Wind, rain, seawater pound eastern India as immense, powerful cyclone roars toward coast

10/12/2013
ASSOCIATED PRESS
  • India-Cyclone-shelter

    Indians hold umbrellas as they head to a cyclone shelter in Chatrapur in Ganjam district, today, about 125 miles from the eastern Indian city Bhubaneswar, India.

    ASSOCIATED PRESS

  • Indians hold umbrellas as they head to a cyclone shelter in  Chatrapur in Ganjam district, today, about 125 miles from the eastern Indian city Bhubaneswar, India.
    Indians hold umbrellas as they head to a cyclone shelter in Chatrapur in Ganjam district, today, about 125 miles from the eastern Indian city Bhubaneswar, India.

    BHUBANESHWAR, India — Strong winds and heavy rains pounded India’s eastern coastline today, as hundreds of thousands of people took shelter from a massive, powerful cyclone that was expected to reach land in a few hours.

    The skies were dark — almost black — at midday in parts of Orissa state, which will bear the brunt of the cyclone, and by mid-afternoon the winds were so strong that they could blow over grown men.

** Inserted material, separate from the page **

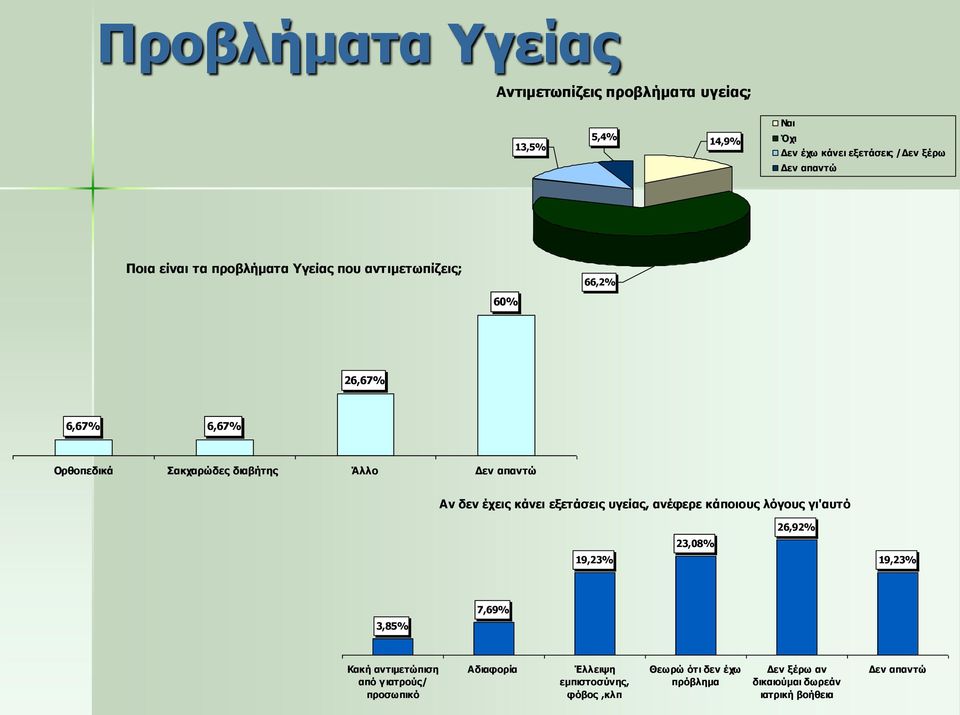 έχεις κάνει εξετάσεις υγείας, ανέφερε κάποιους λόγους γι'αυτό 26,92% 23,08% 19,23% 19,23% 7,69% 3,85% Κακή αντιμετώπιση από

Along the coast, seawater was pushing inland, swamping villages where many people survive as subsistence farmers in mud and thatch huts.

    By Friday evening, some 600,000 people had been moved to higher ground or shelters in Orissa, said Surya Narayan Patro, the state’s top disaster management official.

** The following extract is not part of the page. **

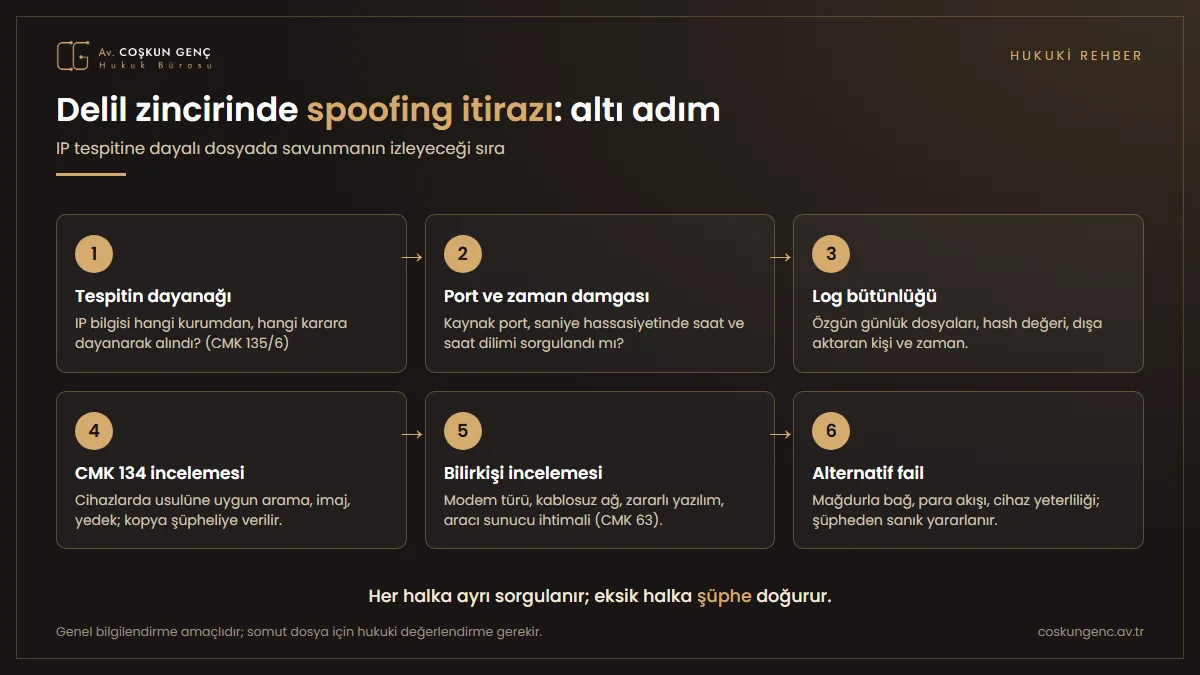 IP delil zincirinde spoofing itirazının altı adımı: tespitin dayanağı, port ve zaman damgası, log bütünlüğü, CMK 134 incelemesi, bilirkişi, alternatif fail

    Several hours before Cyclone Phailin’s expected landfall, meteorologists hoped it might hit while in a temporary weakened state. But no matter what, it was forecast to be large and deadly. Satellite images showed the cyclone filling nearly the entire Bay of Bengal, an area larger than France.

    “A storm this large can’t peter out that fast,” said Ryan Maue, a meteorologist at Weather Bell, a private U.S. weather firm. “There’s nothing to stop it at this point.”

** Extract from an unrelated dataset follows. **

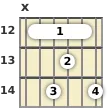 Diagram of a G♭ minor 11th guitar barre chord at the 12 fret (first inversion)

    Maue said that even in the best-case scenario there would be a storm surge of 20-30 feet.

    A storm surge — the giant wall of water that that a cyclone blasts ashore — is the big killer in these storms.

    Phailin already has been large and powerful for nearly 36 hours, he said, and those winds have built up a tremendous amount of surge.

    A few hours before the storm was to hit this evening, about 200 villagers were jammed into a two-room schoolhouse in the village of Subalaya, about 30 kilometers (20 miles) from the coast, where local emergency officials were distributing food and water. The roads were almost completely empty of traffic by this afternoon, but two trucks pulled up to the school with more evacuees. Children shivered in the rain as they stepped down from the vehicles, following women carrying bags jammed with possessions.

    Many of the people had fled low-lying villages for the shelter of the concrete school. But some had also left behind relatives who feared the storm could wipe out lifetimes of work.

    “My son had to stay back with his wife because of the cattle and belongings,” said 70-year-old Kaushalya Jena, weeping in fear inside the makeshift shelter. “I don’t know if they are safe.”

    The Indian Meteorological Department warned that Phailin was a “very severe cyclonic storm,” and that it would hit Orissa and Andhra Pradesh states with maximum sustained winds of 130-135 miles per hour.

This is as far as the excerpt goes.